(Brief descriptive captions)
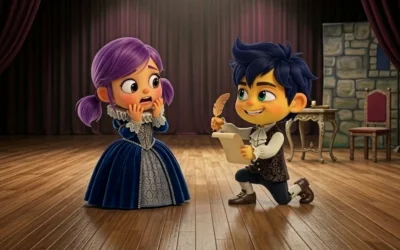 Campamento de Verano Escuela JANA: formación en artes escénicas para niños y jóvenes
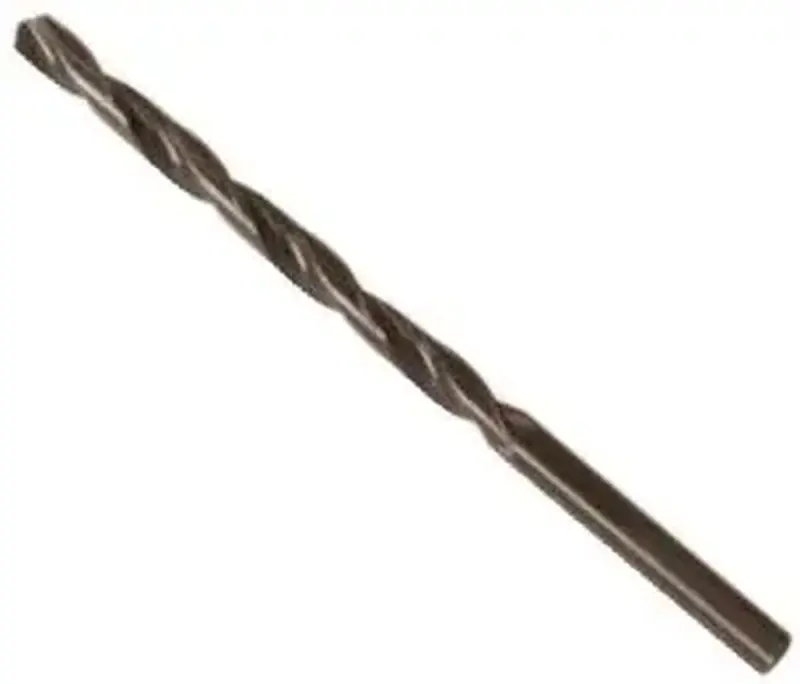 Fortis 10001050 Špirálový vrták DIN340 HSS tvarovaný typ N 10,5 mm (EDE10001050)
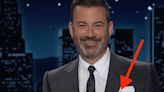 Jimmy Kimmel Reveals His 'Weird Relationship' With Trump's Most Unhinged Supporter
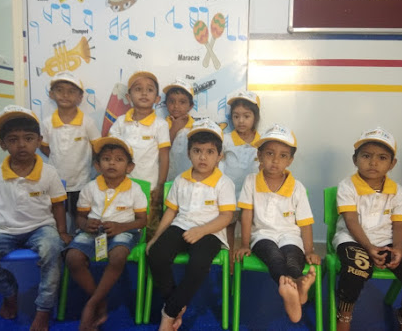 Time Kids - Brindavan Nagar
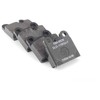 Originalios BMW E12 E24 E3 E9 M30 galinės stabdžių trinkelės komplektas OEM 34211159265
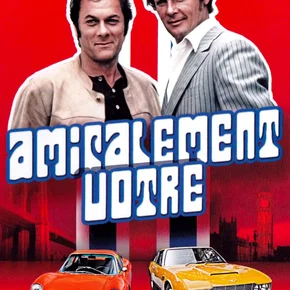 Photo de la série : Amicalement vôtre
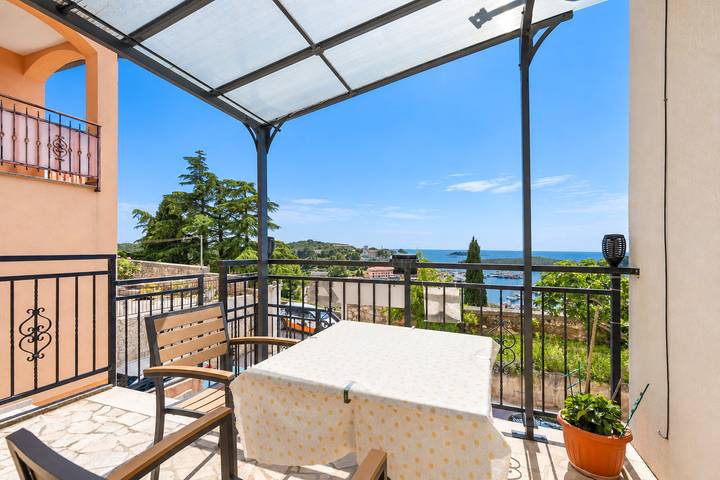 Appartamento per 2 persone, con Terrazza ad Orsera
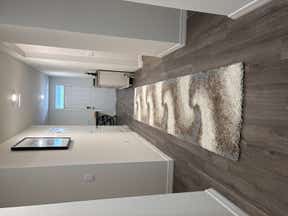 Customer photo for review titled "Beautiful rug"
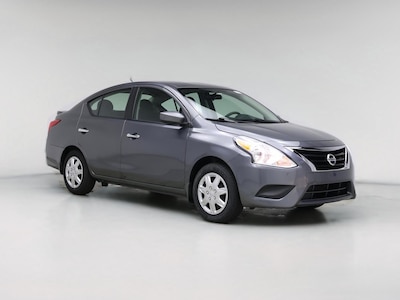 2016 Nissan Versa SV -
                Charlotte, NC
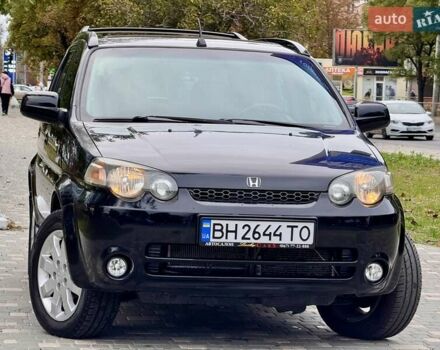 Черный Хонда ХРВ, объемом двигателя 1.6 л и пробегом 289 тыс. км за 6400 $, фото 20 на Automoto.ua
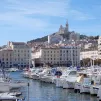 Le vieux port de Marseille - au cœur de la métropole (Pixabay)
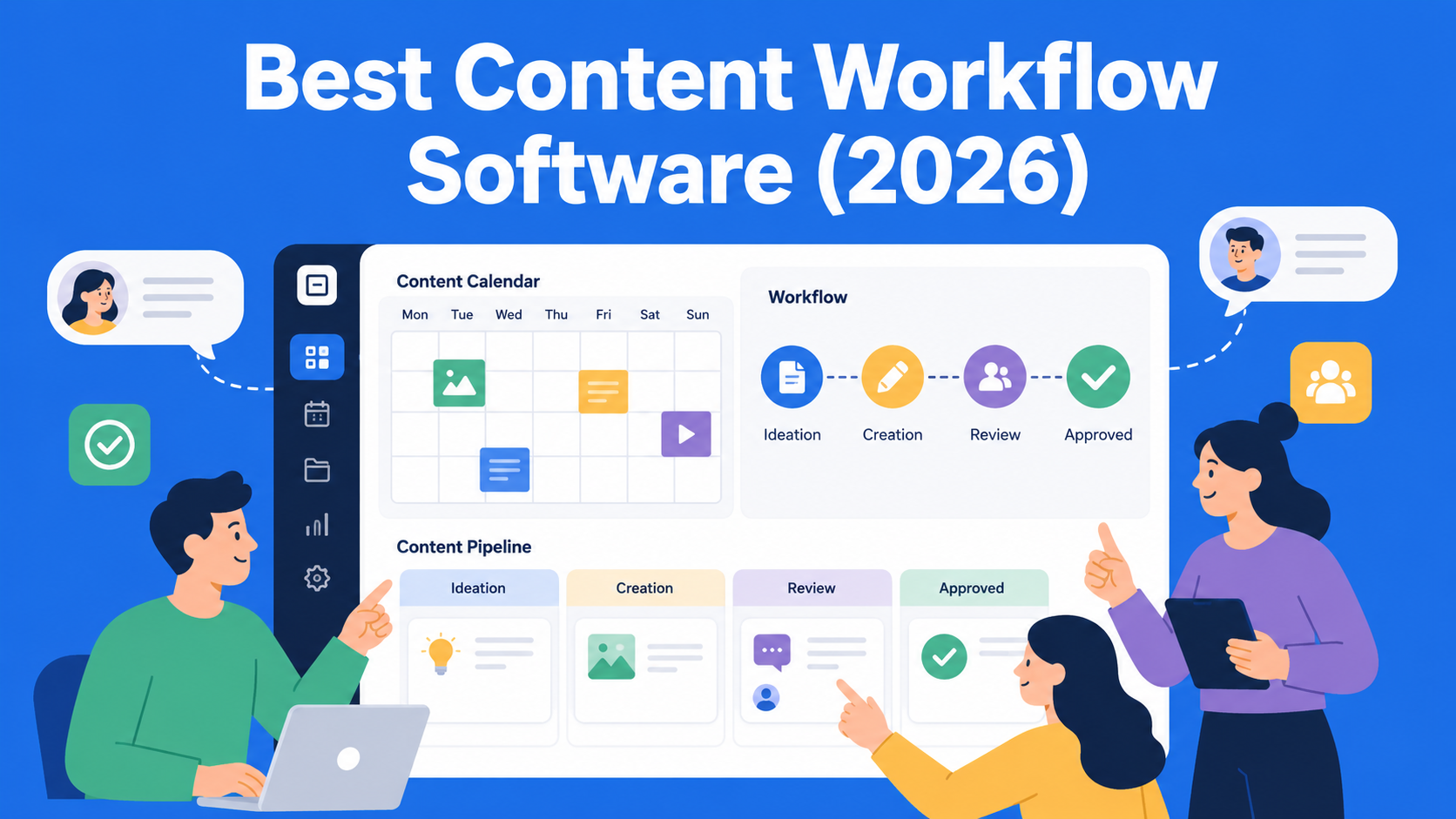 Best Content Workflow Software (2026)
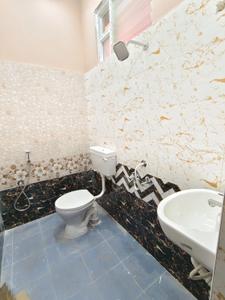 Bathroom Image of 1250 Sq.ft 1 BHK Apartment / Flat for rent in Perambur Chennai for Rs. 15000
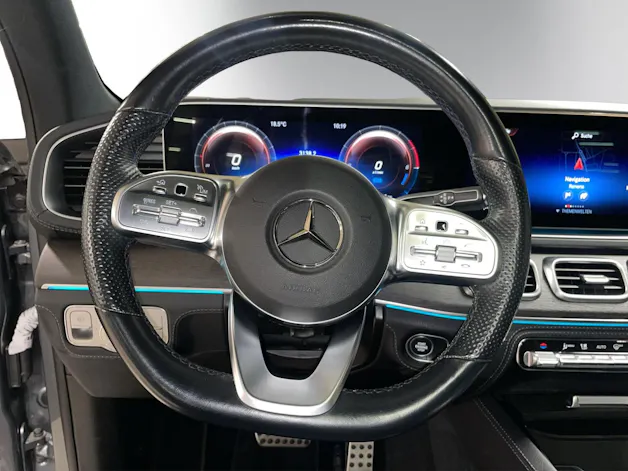 MERCEDES-BENZ GLE 350 de 4Matic AMG Line 9G-Tronic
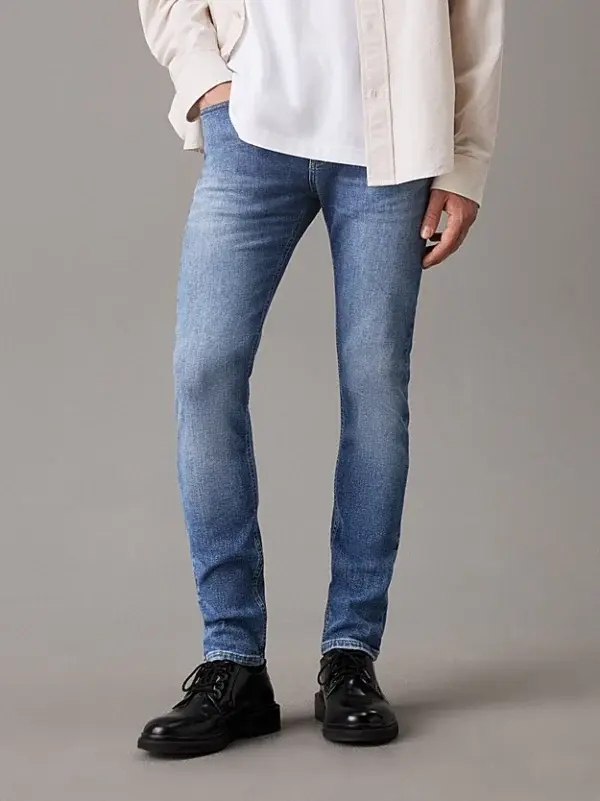 Jeans Skinny Light - Tommy Hilfiger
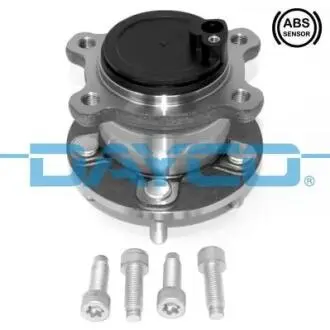 FORD Підшипник задн.з ABS комплект! Mondeo 07- DAYCO KWD1158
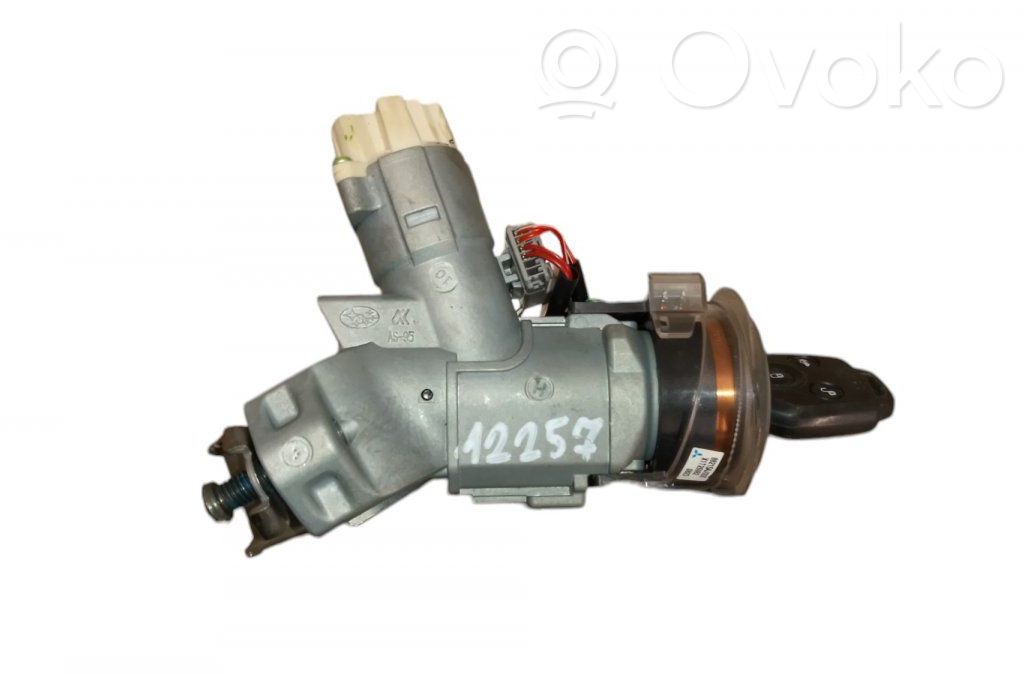 Subaru Legacy Ignition lock 
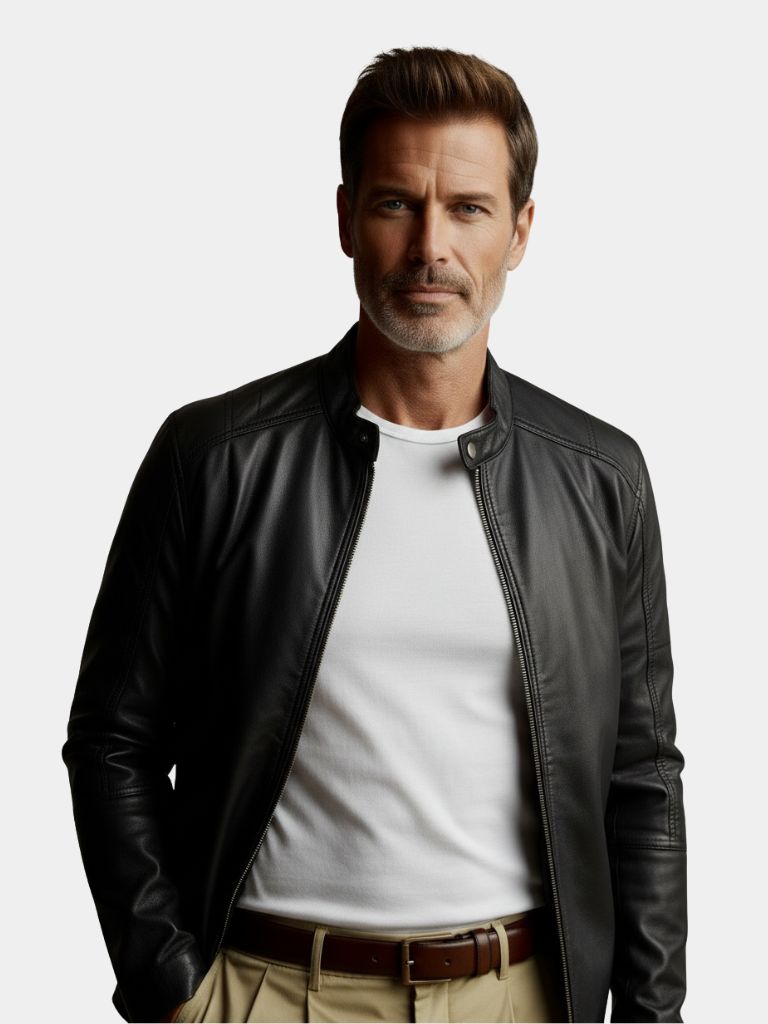 Montreux Hide Jacket – Casa  Laro CASA LARO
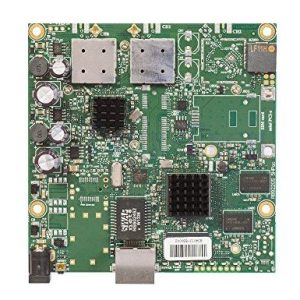 MikroTik RB911G-5HPacD CPE board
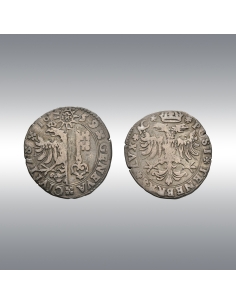 1/2 Taler 1659 @ Gottlieb Wüthrich Collection (1879-1946)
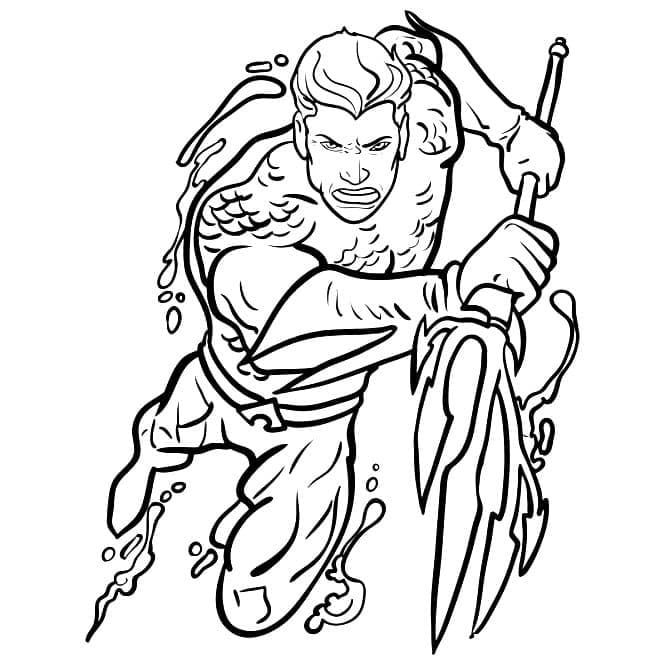 Wallpaper #909c6 Aquaman Coloring Pages Free Coloring Pages Wonder Day Coloring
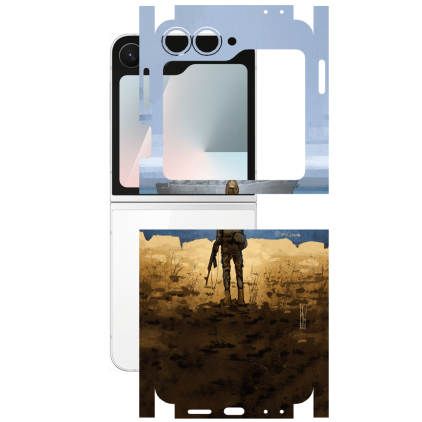 Захисна плівка StatusSKIN для Samsung Galaxy Z Flip7 FE (F761)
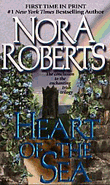 Heart of the sea - Nora Roberts - Poche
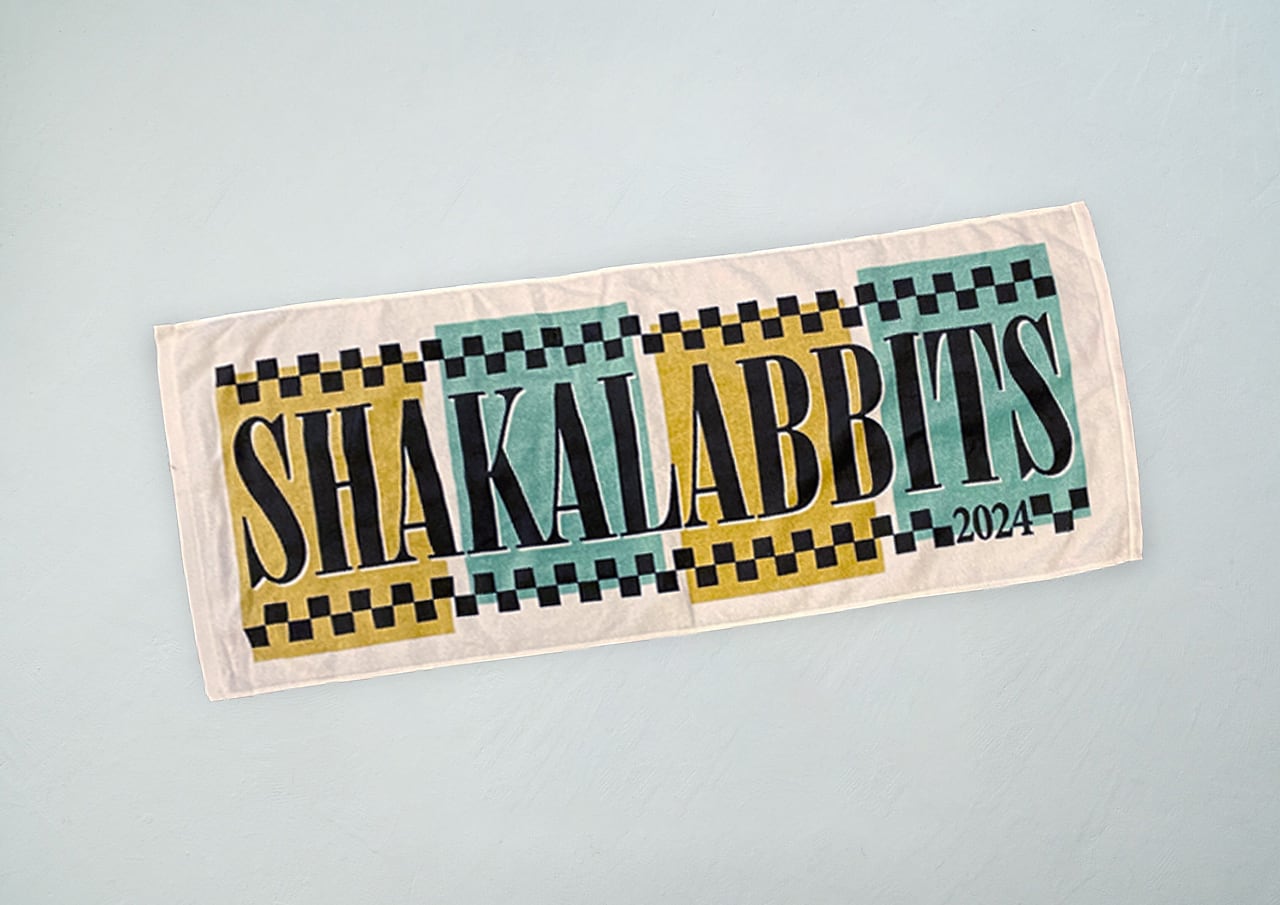 SHAKALABBITS HAPPY BAG 2026 [BLACK] | SHAKALABBITS OFFICIAL WEB SHOP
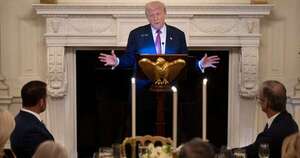 La Nación / Trump celebra seis meses de mandato al frente de un EE. UU “renacido”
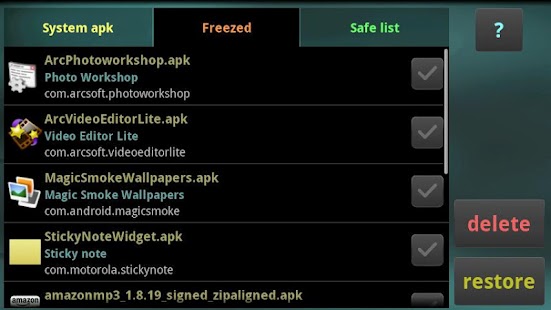 Download SystemApk Manager Pro APK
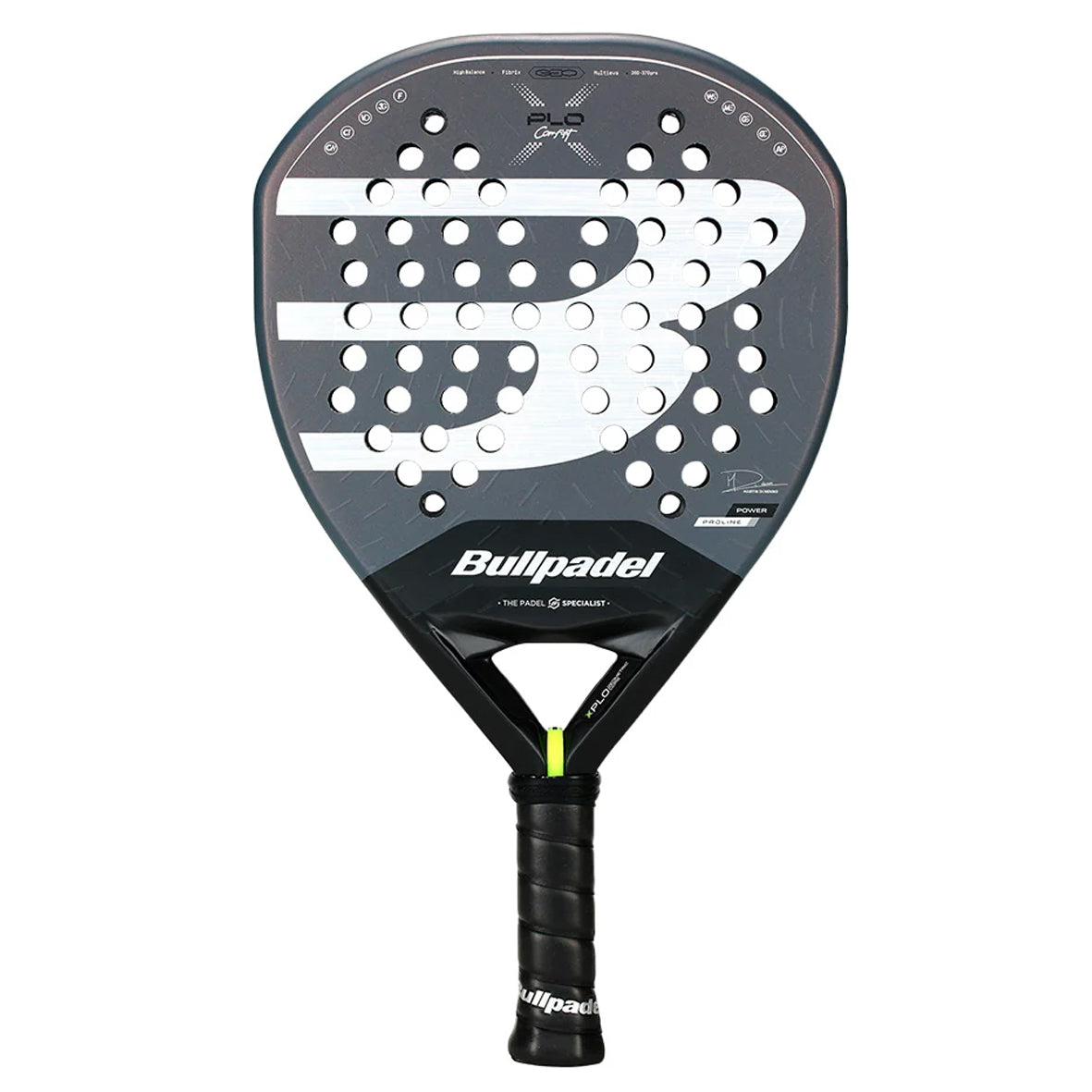PALETA PADEL BULLPADEL XPLO CMF 26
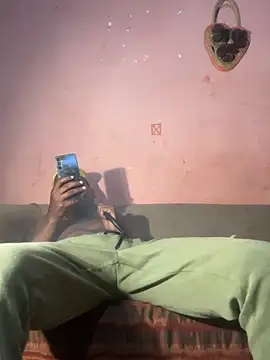 Maskman941 online show from April 13, 1:12 pm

EXERCISE: Although the records contain pictures, print only the rest, exactly as written.

SOLUTION BELOW:
 Campamento de Verano Escuela JANA: formación en artes escénicas para niños y jóvenes
 Fortis 10001050 Špirálový vrták DIN340 HSS tvarovaný typ N 10,5 mm (EDE10001050)
 Jimmy Kimmel Reveals His 'Weird Relationship' With Trump's Most Unhinged Supporter
 Time Kids - Brindavan Nagar
 Originalios BMW E12 E24 E3 E9 M30 galinės stabdžių trinkelės komplektas OEM 34211159265
 Photo de la série : Amicalement vôtre
 Appartamento per 2 persone, con Terrazza ad Orsera
 Customer photo for review titled "Beautiful rug"
 2016 Nissan Versa SV -
                Charlotte, NC
 Черный Хонда ХРВ, объемом двигателя 1.6 л и пробегом 289 тыс. км за 6400 $, фото 20 на Automoto.ua
 Le vieux port de Marseille - au cœur de la métropole (Pixabay)
 Best Content Workflow Software (2026)
 Bathroom Image of 1250 Sq.ft 1 BHK Apartment / Flat for rent in Perambur Chennai for Rs. 15000
 MERCEDES-BENZ GLE 350 de 4Matic AMG Line 9G-Tronic
 Jeans Skinny Light - Tommy Hilfiger
 FORD Підшипник задн.з ABS комплект! Mondeo 07- DAYCO KWD1158
 Subaru Legacy Ignition lock 
 Montreux Hide Jacket – Casa  Laro CASA LARO
 MikroTik RB911G-5HPacD CPE board
 1/2 Taler 1659 @ Gottlieb Wüthrich Collection (1879-1946)
 Wallpaper #909c6 Aquaman Coloring Pages Free Coloring Pages Wonder Day Coloring
 Захисна плівка StatusSKIN для Samsung Galaxy Z Flip7 FE (F761)
 Heart of the sea - Nora Roberts - Poche
 SHAKALABBITS HAPPY BAG 2026 [BLACK] | SHAKALABBITS OFFICIAL WEB SHOP
 La Nación / Trump celebra seis meses de mandato al frente de un EE. UU “renacido”
 Download SystemApk Manager Pro APK
PALETA PADEL BULLPADEL XPLO CMF 26
 Maskman941 online show from April 13, 1:12 pm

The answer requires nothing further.